WASHINGTON, July 19 (Reuters) – U.S. House Republican leader Kevin McCarthy nominated five members of his party, including staunch Trump ally Jim Jordan, to serve on a special congressional panel probing the Jan. 6 riot at the U.S. Capitol, his office said on Monday.
McCarthy is also naming Representatives Jim Banks, Rodney Davis, Kelly Armstrong and Troy Nehls to the committee, a statement from McCarthy’s office said.
House of Representatives Speaker Nancy Pelosi earlier this month announced eight members of the committee, including one Republican, Representative Liz Cheney, who has been one of the most prominent critics of Republican former President Donald Trump.
McCarthy said at the time he was shocked that Cheney would accept Pelosi’s invitation to be on the committee.
The special congressional panel was created to investigate the events leading up to and on Jan. 6, when Trump supporters stormed the Capitol in an attempt to stop Democrat Joe Biden from being certified the winner of last November’s presidential election.
Trump has falsely claimed he lost the election because of widespread electoral fraud.
Under the legislation creating the panel, it is up to Pelosi, a Democrat, whether she will accept McCarthy’s recommendations on Republican members.
Four people died on the day of the violence, one shot dead by police and the other three of natural causes. A Capitol Police officer who had been attacked by protesters died the following day. Two police officers who took part in the defense of the Capitol later took their own lives. More than a hundred police officers were injured.

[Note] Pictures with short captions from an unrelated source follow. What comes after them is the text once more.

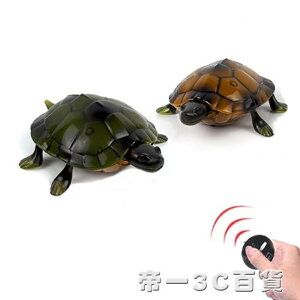仿真遙控烏龜玩具電動充電海龜模型兒童送禮物整蠱嚇人新奇的玩具 交換禮物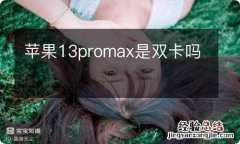 苹果13promax是双卡吗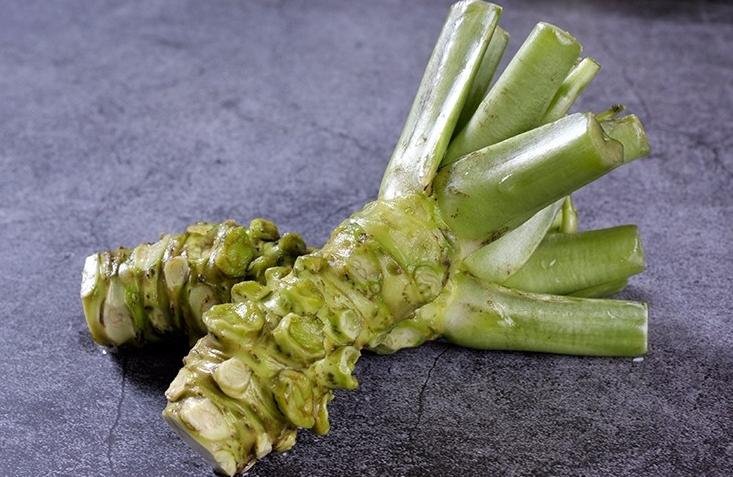 芥末为什么是黄的,芥末为什么变成黄色了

Republican leaders resisted any special panel to investigate the Capitol assault, noting that existing congressional committees have been doing their own probes and that more than 500 people have already been charged with crimes.
Some Republicans have downplayed the riot, with Representative Andrew Clyde comparing it to a visit by tourists.
Just before the attack, Trump delivered fiery remarks at the White House and then encouraged his supporters to march to Capitol Hill.
Jordan is a member of the conservative group of lawmakers known as the House Freedom Caucus. In a response to being named to the panel, he tweeted video footage of several Democrats on the House floor in 2017 attempting to object to the certification of some states’ Electoral College votes for Trump.
Banks chairs the Republican Study Committee, the largest conservative grouping in the House. “I have accepted Leader McCarthy’s appointment to this committee because we need leaders who will force the Democrats and the media to answer questions so far ignored. Among them, why was the Capitol unprepared and vulnerable to attack on January 6?” he said in a statement.
Davis is the senior Republican on the House Administration Committee, while Armstrong served on the House Judiciary Committee during the first Trump impeachment.
Nehls is a freshman representative. “He is … looking forward to getting to the bottom of how U.S. Capitol Police leadership failed their rank and file officers, members of Congress, and our entire country on that dark day,” a spokesman said.